In Memoriam: Paul Gaston

UVA history professor fought for civil rights

Paul Gaston, influential UVA professor of history and civil rights activist, died June 14, 2019. He was 91.

Paul Gaston Laura Branton

After serving in the U.S. Army in South Korea during the 1940s, Gaston graduated from Swarthmore College and earned a master’s degree and Ph.D. from the University of North Carolina at Chapel Hill. In 1957, he began teaching at UVA’s Corcoran Department of History, where he taught for four decades and helped establish the Carter G. Woodson Institute for African-American and African Studies.

At UVA, Gaston helped challenge and shape the perspectives of many young white students at the University, encouraging them to examine the wrongs of the South and to think broadly about what the South might be in the future, says former dean of the College Edward Ayers, who taught alongside Gaston in the history department.

“He was unafraid to talk about those things during the 1960s when that was controversial,” Ayers adds.

Gaston excelled in acquainting UVA students with “the peculiar history of the South,” agreed Robert J. Norrell (Col ’74, Grad ’78), Gaston’s former student and now professor of history at the University of Tennessee, Knoxville. “Paul helped us to understand the implications of being a Southerner—both the good and the bad.”

In 1963, Gaston served as faculty adviser to a student group that invited Dr. Martin Luther King Jr. to speak at UVA, and he helped escort King on Grounds. Gaston’s 1970 book, The New South Creed: A Study in Southern Mythmaking, winner of the Lillian Smith Book Award for outstanding writing about the American South, “was one of the most important books published on that whole era,” Ayers says.
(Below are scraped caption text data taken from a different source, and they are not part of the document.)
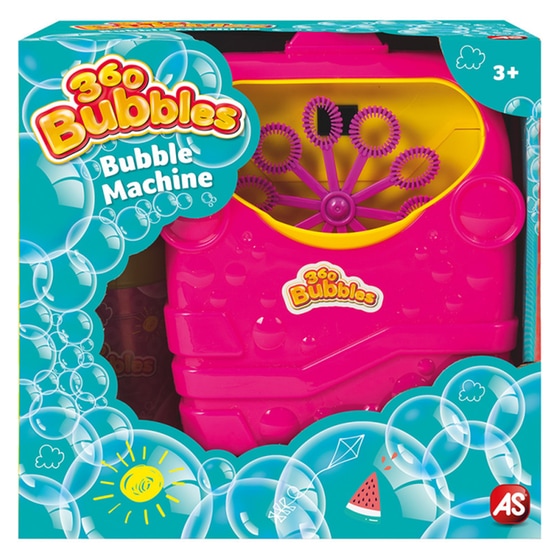 AS Μηχανή Για Σαπουνόφουσκες 360 Bubbles image 1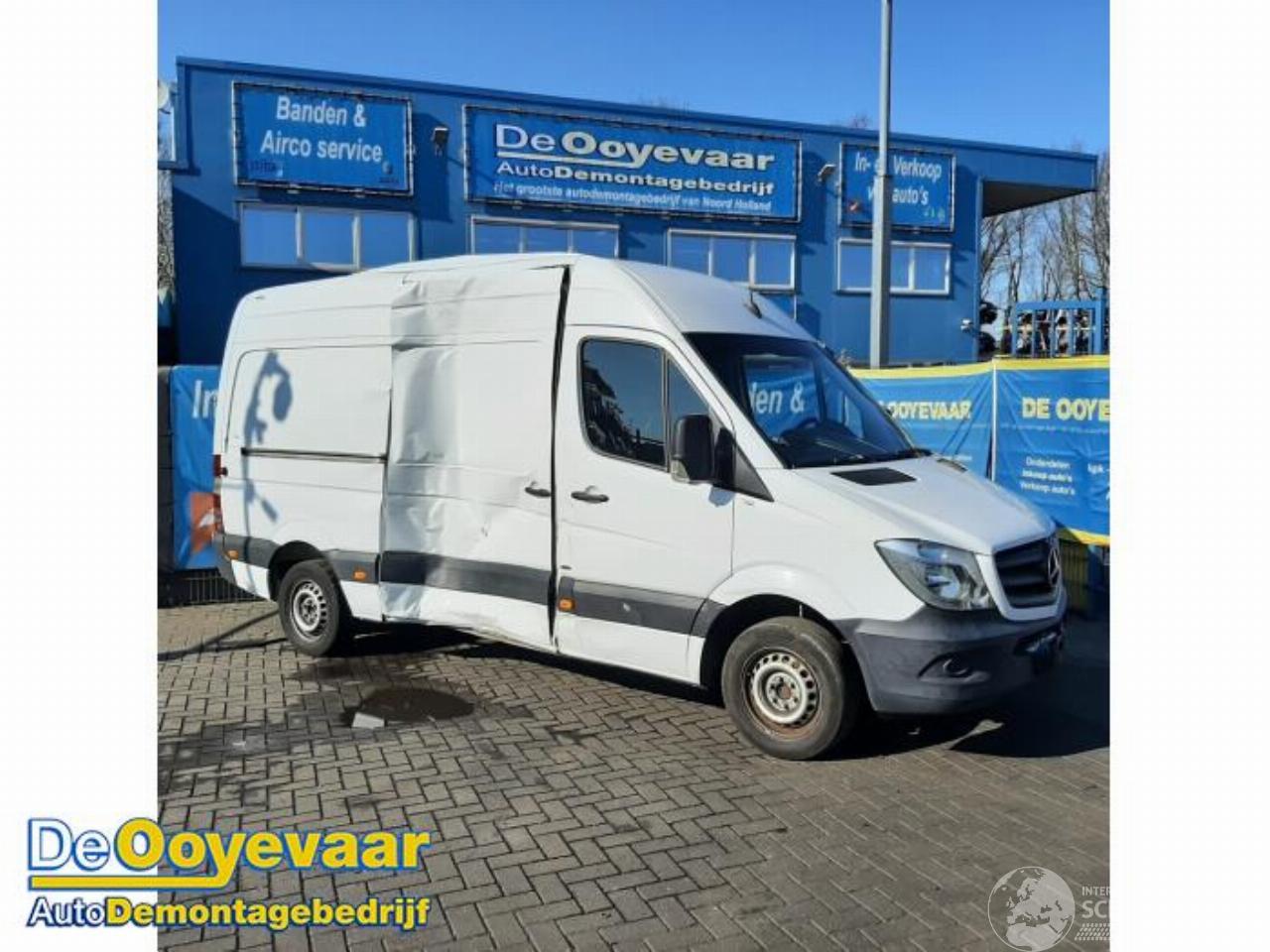 Mercedes Sprinter Sprinter 3,5t (906.63), Van, 2006 / 2020 314 CDI 16V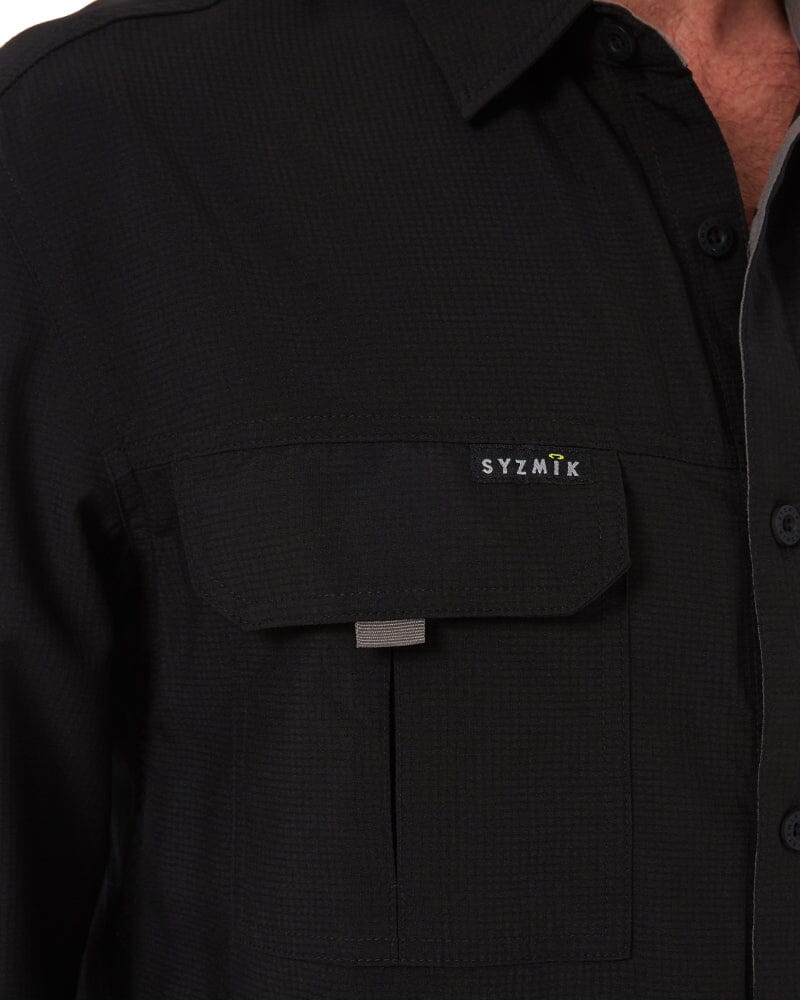Outdoor Long Sleeve Shirt - Black - Image 9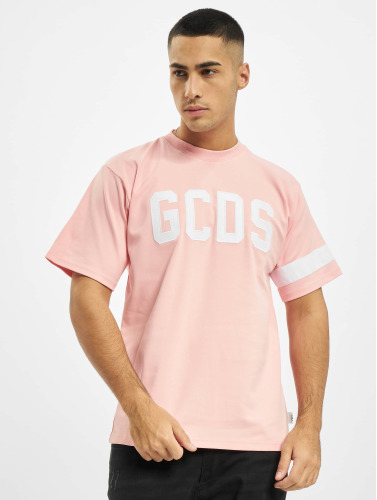 GCDS / t-shirt Logo in pink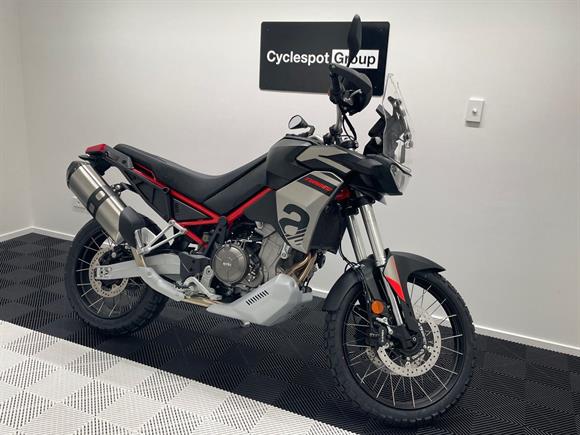 New Aprilia Tuareg 660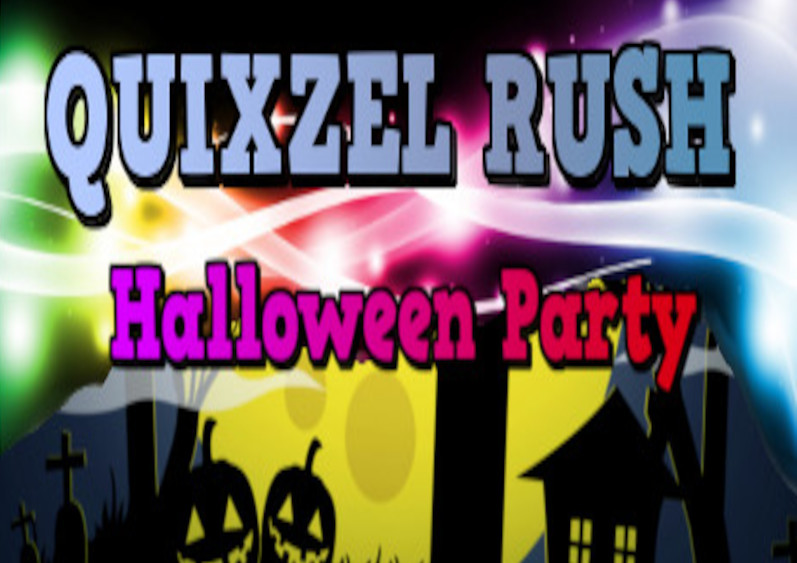 (0.6$) Quixzel Rush: Halloween Party Steam CD Key
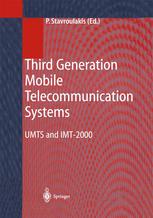 Third Generation Mobile Telecommunication Systems Umts And Imt 2000 1st Edition Professor Peter Stavroulakis Auth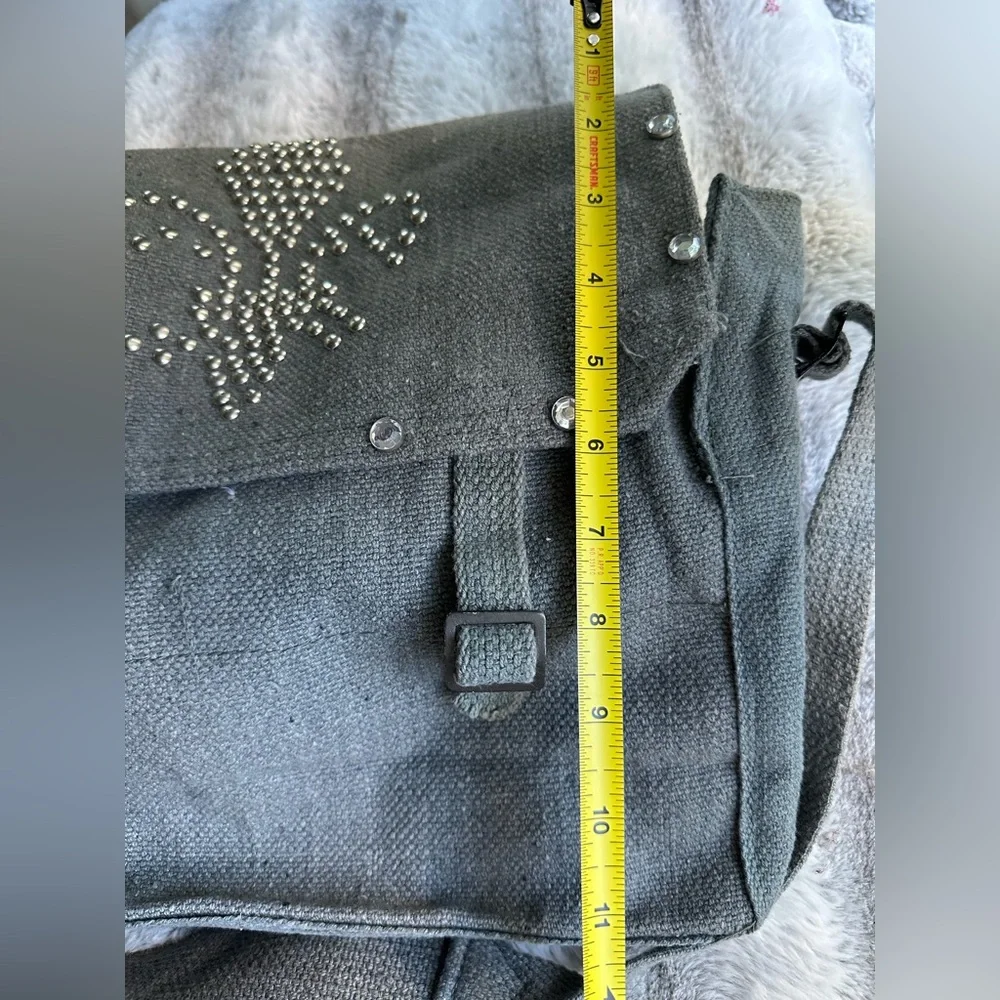 Fleur De Lis Messenger Bag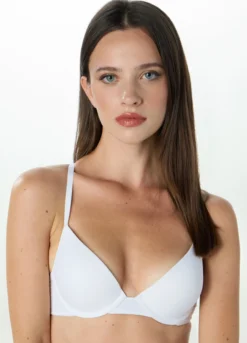 Reggiseno push-up in microfibra stretch donna
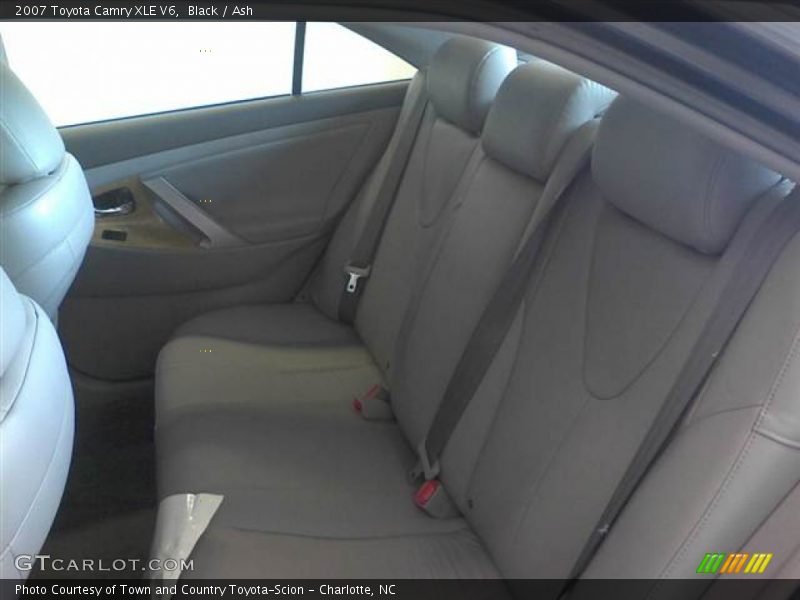 Black / Ash 2007 Toyota Camry XLE V6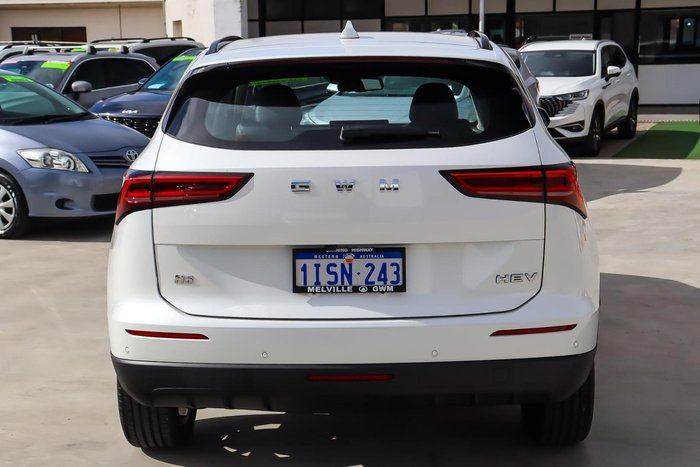 2025 GWM Haval H6 Lux Hybrid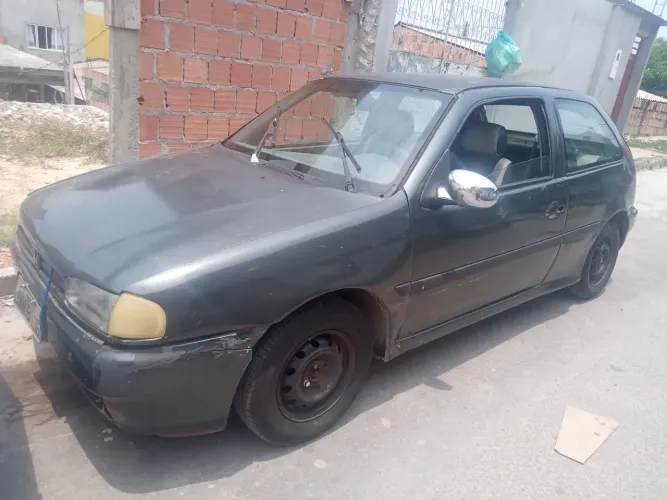 Volkswagen Gol Geração II 1.0 8V 58cv MI Gasolina Mec. 2P 1997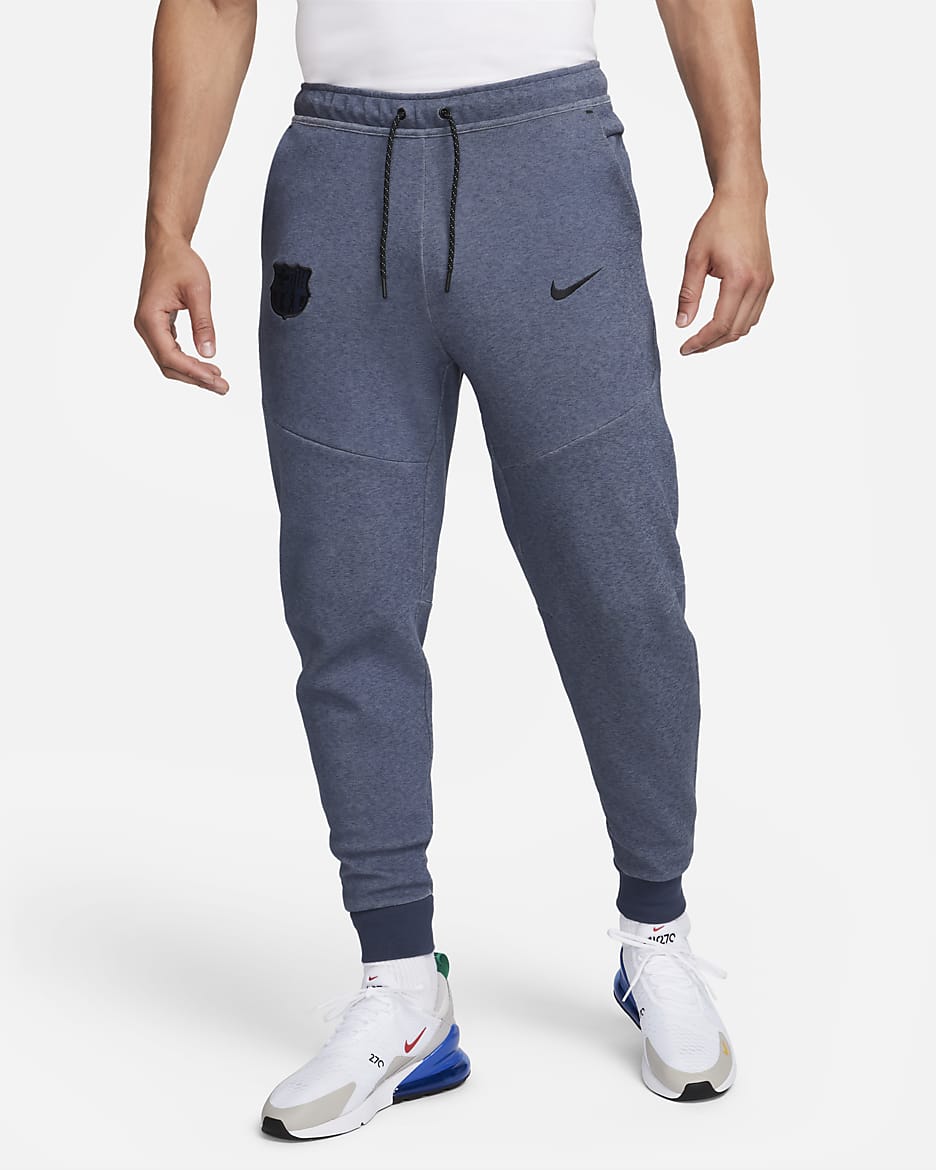 F.C. Barcelona Tech Fleece Third Men's Nike Football Joggers. Nike AU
Gaston also traveled to South Africa multiple times during and after apartheid and helped bring civil rights leader Julian Bond to teach at UVA.

As a civil rights activist in Charlottesville, Gaston participated in sit-ins and protests, helped integrate restaurants in town, and worked to support African American leaders in the city.

His dedication to justice earned numerous awards and honors, including the Outstanding Faculty Award from the State Council of Higher Education for Virginia and the Legendary Civil Rights Activist Award from the NAACP.

“He was already a legend when I arrived [in 1980],” Ayers remembers. “He was much beloved by the students and admired by colleagues.”

Survivors include three children and two granddaughters.